Thu Oct 16 06:05:01 UTC 2008

--- Original Message ---  
From: Jeremy Chadwick <koitsu at FreeBSD.org>  
To: Peter Clark <clarkp at mtmary.edu>  
Date: 15 october, 20:27:25  
Subject: Re: PF syntax error  

  On Wed, Oct 15, 2008 at 12:00:50PM -0500, Peter Clark wrote:  
> Hello,  
>  
> I am not sure if I should be here or over at a pf specific list but here  
> is my problem.  

I've changed the CC list, so this will now go to the freebsd-pf mailing  
list instead.  

> I am trying my hand at pf on a 7.0-p5 RELEASE box and one rule is giving  
> me problems.  
>  
> pass in quick on $ext_if proto tcp from any to any port 22 flags S/SA \  
>  
> (max-src-conn 15, max-src-conn-rate 5/3, overload <bruteforce> flush  
> global)  
>  
> Actually the "pass in" line does not generate the error.
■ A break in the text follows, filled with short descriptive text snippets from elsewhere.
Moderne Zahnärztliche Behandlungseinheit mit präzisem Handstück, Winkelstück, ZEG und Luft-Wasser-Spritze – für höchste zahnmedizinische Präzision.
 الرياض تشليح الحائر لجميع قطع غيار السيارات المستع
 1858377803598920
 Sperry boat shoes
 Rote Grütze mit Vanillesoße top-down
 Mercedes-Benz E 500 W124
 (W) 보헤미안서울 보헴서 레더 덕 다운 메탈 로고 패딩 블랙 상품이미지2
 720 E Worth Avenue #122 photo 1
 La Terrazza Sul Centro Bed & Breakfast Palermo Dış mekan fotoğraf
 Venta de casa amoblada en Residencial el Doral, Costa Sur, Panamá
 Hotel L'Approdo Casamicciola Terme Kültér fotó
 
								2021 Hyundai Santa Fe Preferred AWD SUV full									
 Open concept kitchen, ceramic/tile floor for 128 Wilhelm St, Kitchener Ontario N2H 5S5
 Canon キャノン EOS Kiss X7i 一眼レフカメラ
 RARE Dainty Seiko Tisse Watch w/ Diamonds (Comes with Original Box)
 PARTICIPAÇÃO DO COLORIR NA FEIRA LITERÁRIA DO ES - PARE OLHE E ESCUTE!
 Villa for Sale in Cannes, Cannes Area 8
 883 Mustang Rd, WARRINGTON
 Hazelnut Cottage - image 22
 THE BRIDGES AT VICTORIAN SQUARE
The next line does.  
>  
> /etc/pf.conf:71: syntax error  
> If I remove the line the error goes away (obviously). I have tried using  
> the exact line from the FreeBSD pf.conf man page:  
>  
> (max-src-conn-rate 100/10, overload <bad_hosts> flush global)  
>  
> (I changed <bad_hosts> to <bruteforce>)and that generates the same  
> error. I tried just using:  
> (max-src-conn-rate 100/10)  
>  
> but that too gives me a syntax error.  
>  
> Any help is appreciated.    

If you want use the  stateful tracking options you should specify source-track option: source-track rule or source-track global.